It is correct, but how does one prove that it is lesser than r/(1-r^3)
 
  • #4
jisbon said:
It is correct, but how does one prove that it is lesser than r/(1-r^3)

It's not; that's why I presumed the question was written down incorrectly, or otherwise that the question itself is wrong.
 
  • #5
etotheipi said:
It's not; that's why I presumed the question was written down incorrectly, or otherwise that the question itself is wrong.
I've DMed you the question, and it seems to be exactly what I written down here
 
  • #6
It's certainly not the same question, because you have ignored all of the terms except the final line... :wink:

1598951041851.png
 
  • #7
etotheipi said:
It's certainly not the same question:

View attachment 268701
Isn't this proving the summation of r^n + 2r^n + ... is less than r/(1-r^3) ?
 
  • #8
jisbon said:
Isn't this proving the summation of r^n + 2r^n + ... is less than r/(1-r^3) ?

No, because that is a necessary condition, but not a sufficient condition!

Also note that we now know the key bit of information, that ##0 < r < 1##! Without this, the question would not make any sense.
 
  • #9
etotheipi said:
No, because that is a necessary condition, but not a sufficient condition!

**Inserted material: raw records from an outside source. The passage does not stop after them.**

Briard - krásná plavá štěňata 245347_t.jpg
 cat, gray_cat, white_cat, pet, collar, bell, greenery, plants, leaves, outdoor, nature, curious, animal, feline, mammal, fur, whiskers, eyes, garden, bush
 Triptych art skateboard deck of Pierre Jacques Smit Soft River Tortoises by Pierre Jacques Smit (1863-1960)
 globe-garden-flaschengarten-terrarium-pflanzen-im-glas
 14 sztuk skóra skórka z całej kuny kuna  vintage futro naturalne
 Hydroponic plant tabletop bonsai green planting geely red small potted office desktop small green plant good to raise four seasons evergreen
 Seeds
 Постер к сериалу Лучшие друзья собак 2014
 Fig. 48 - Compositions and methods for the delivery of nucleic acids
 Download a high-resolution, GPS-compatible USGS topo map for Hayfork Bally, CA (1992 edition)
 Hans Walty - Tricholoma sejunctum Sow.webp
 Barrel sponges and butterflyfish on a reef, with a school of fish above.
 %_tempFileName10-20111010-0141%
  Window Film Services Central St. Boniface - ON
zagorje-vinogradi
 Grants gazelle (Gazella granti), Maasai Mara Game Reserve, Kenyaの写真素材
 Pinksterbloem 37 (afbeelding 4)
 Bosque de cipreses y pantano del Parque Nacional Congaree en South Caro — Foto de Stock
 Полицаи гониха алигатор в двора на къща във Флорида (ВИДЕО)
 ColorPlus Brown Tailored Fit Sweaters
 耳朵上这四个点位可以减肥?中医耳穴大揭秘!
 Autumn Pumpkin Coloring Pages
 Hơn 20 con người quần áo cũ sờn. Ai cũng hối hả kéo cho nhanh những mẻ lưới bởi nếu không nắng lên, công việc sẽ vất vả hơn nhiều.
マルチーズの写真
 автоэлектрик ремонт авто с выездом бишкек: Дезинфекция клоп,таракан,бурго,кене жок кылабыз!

Also note that we now know the key bit of information, that ##0 < r < 1##! Without this, the question would not make any sense.
Hmm okay, so how do I start about proving this? I tried dividing the hint given by (1-r) again to make both similar, but I can't seem to get the gist of it
 
  • #10
jisbon said:
Hmm okay, so how do I start about proving this? I tried dividing the hint given by (1-r) again to make both similar, but I can't seem to get the gist of it
What about ##r = 0.5##, ##n = 2## or ##n = 3## or ##n = 4##?
 
  • #11
PeroK said:
What about ##r = 0.5##, ##n = 2## or ##n = 3## or ##n = 4##?
As in computing them?
With r=0.5, it would seem impossible to compute out the equations, but it does converge eventually. Could you kindly advice me how to compute? (I was thinking r>1 all along)
 
  • #12
I would start with noticing that $$\begin{align*}

S = &+ 1(r + r^2 + r^3 + \dots + r^n) \\

&+ 2(r^2 + r^3 + r^4 + \dots + r^n) \\

&+ 3(r^3 + r^4 + r^5 + \dots + r^n) \\

&+ \dots \\

&+ nr^n
\end{align*}$$Notice that this can be simplified using the formulae for geometric progressions to$$S = \frac{r(r^n -1)}{r-1} + 2\frac{r^2(r^{n-1} -1)}{r-1} + \dots + n\frac{r^n(r^1 - 1)}{r-1}$$ $$S = \frac{1}{r-1} \left[ (r^{n+1} - r) + (2r^{n+1} - 2r^2) + (3r^{n+1} - 3r^3) + \dots + (nr^{n+1} - nr^n) \right]$$ $$S = \frac{1}{r-1} \left[ r^{n+1}(1+2+3+ \dots + n) - (r + 2r^2 + 3r^3 + \dots + nr^n) \right]$$ $$S = \frac{n(n+1)}{2} \frac{r^{n+1}}{r-1} - \frac{(r + 2r^2 + 3r^3 + \dots + nr^n)}{r-1}$$Note that for ##0 < r < 1##, the first term is less than zero... play around with this, and see if you can get it in the right form!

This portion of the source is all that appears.